Pour les personnes de bonne volonté, cela va aller très vite. Le 5 janvier, un conseil de surveillance s’est tenu au complet avec les 25 élus. Certains membres ont été confirmés dans leurs fonctions, comme le président du comité d’audit. On s’est retrouvés pour avancer ensemble !

Nous avons également partagé des informations financières détaillées, notamment sur les filiales, qui ne l’étaient pas jusqu’à présent. Cela a mis en exergue les difficultés de profitabilité de certaines activités.

Comment retrouver la rentabilité ?

Tereos s’appuie sur trois piliers stratégiques : le sucre en France, l’amidon et la canne à sucre au Brésil. Nous devons retrouver une profitabilité et faire en sorte que la dette ne soit plus une inquiétude. Certaines activités au sein de ces trois piliers sont périphériques. Nous devons nous poser la question de leur intérêt pour l’entreprise et pour les coopérateurs.
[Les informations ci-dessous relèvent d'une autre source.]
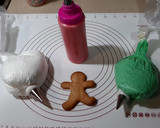 Foto del paso 13 de la receta: Galletas especiadas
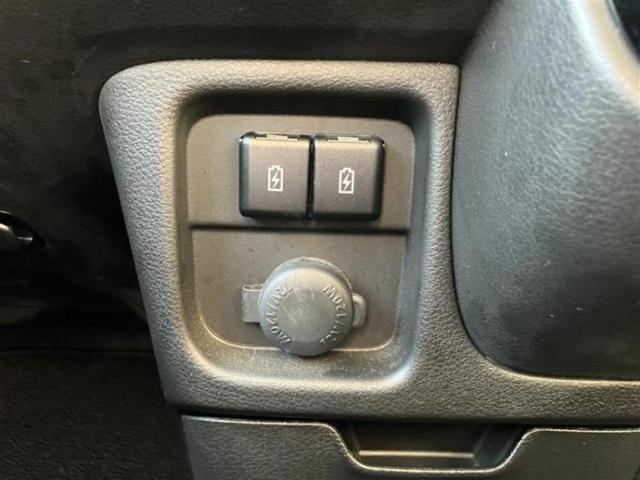 ソリオバンディット バンディットハイブリッドＭＶ　保証書／社外　ＳＤナビ／衝突安全装置／電動スライドドア／シートヒーター／車線逸脱防止支援システム／ヘッドランプ　ＬＥＤ／ＥＢＤ付ＡＢＳ／横滑り防止装置／アイドリングストップ／クルーズコントロール（17枚目）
Quand on a des foyers de perte importants dans une entreprise endettée, il faut essayer de les régler au plus vite. Perdre 20 à 25 M€ par an sur une activité, comme au Mozambique, n’est pas durable. Cela représente un euro la tonne de betterave perdu pour les planteurs. Au Brésil, la situation opérationnelle s’est améliorée et doit se poursuivre, même si l’endettement est élevé. Tereos est une belle entreprise. Il faut qu’elle retrouve la profitabilité qu’elle mérite. Nous souhaitons que les coopérateurs soient à nouveau fiers de leur coopérative.

Le projet d’ouverture du capital est-il abandonné ?

Une ouverture de capital ne peut se faire que si l’entreprise est profitable. Cela est donc inenvisageable pour le moment. Si elle se fait, ce ne sera pas pour l’activité sucre France. Ce sera peut-être le cas pour certaines diversifications.

Le retour à la rentabilité peut-il entraîner des fermetures d’usines ?

Il n’y a aucune fermeture envisagée en France, ni de rapprochement avec un autre groupe, comme l’intention nous en a été prêtée avant notre arrivée. Les directeurs d’usines et les collaborateurs sont prêts à relever le défi de la profitabilité et à poursuivre les efforts déjà engagés. Il faut que les coopérateurs aient bien conscience qu’il est nécessaire de saturer les usines pour écraser les charges fixes. Il faut donc suffisamment de betteraves en 2021. Nous allons laisser à chaque président de région le soin de convaincre les planteurs de semer autant qu’en 2020.

Cela va-t-il passer par une meilleure valorisation de la betterave ?

Oui, mais il est trop tôt encore pour donner des précisions. Nous venons d’arriver. Nous ne sommes pas opposés au système de grille précédent, s’il est suffisamment rémunérateur. Le prix de base de la betterave doit être rémunéré par les activités de Tereos France, auquel s’ajoutent des dividendes issus de la diversification. C’est notre objectif. Nous allons travailler dessus.

Allez-vous présenter un plan stratégique dans les prochains mois ? Que contiendra-t-il ?

Nous venons de lancer un audit pour donner des lignes d’avenir à Tereos. Il y aura trois volets : financier, industriel et commercial. À la suite de cela, nous nous demanderons quelle est la meilleure voie pour assurer la pérennité et l’intégrité de la coopérative, ainsi que le meilleur revenu des coopérateurs. Le groupe Tereos est un outil collectif que l’on a reçu des générations précédentes et que l’on doit transmettre aux suivantes. Notre devoir est qu’il soit le plus compétitif possible au profit des exploitations agricoles. Nous devrions avoir les résultats de cet audit fin mars. Un compte rendu sera fait aux élus du conseil de surveillance et des conseils de région. Un plan stratégique sera dévoilé ensuite, mais il est trop tôt pour en parler tant que l’audit n’est pas terminé.

Quel bilan faites-vous de la campagne betteravière 2020 ?

Cela a été une campagne très difficile, en particulier dans certaines zones, où les rendements moyens ont atteint 35 tonnes/ha. Ces mauvais rendements ont une répercussion directe sur la rentabilité de Tereos France. Notre objectif initial de 18 millions de tonnes a été fortement révisé à la baisse. Pour 2021, nous partons sur un objectif de 18 millions de tonnes avec un maintien des surfaces. Les premiers contacts pour les précommandes de semences par les planteurs nous conduisent à être raisonnablement optimistes. Il y aura des ajustements de dernière minute entre semences traitées aux néonicotinoïdes ou non, en fonction du contenu de l’arrêté attendu pour fin janvier.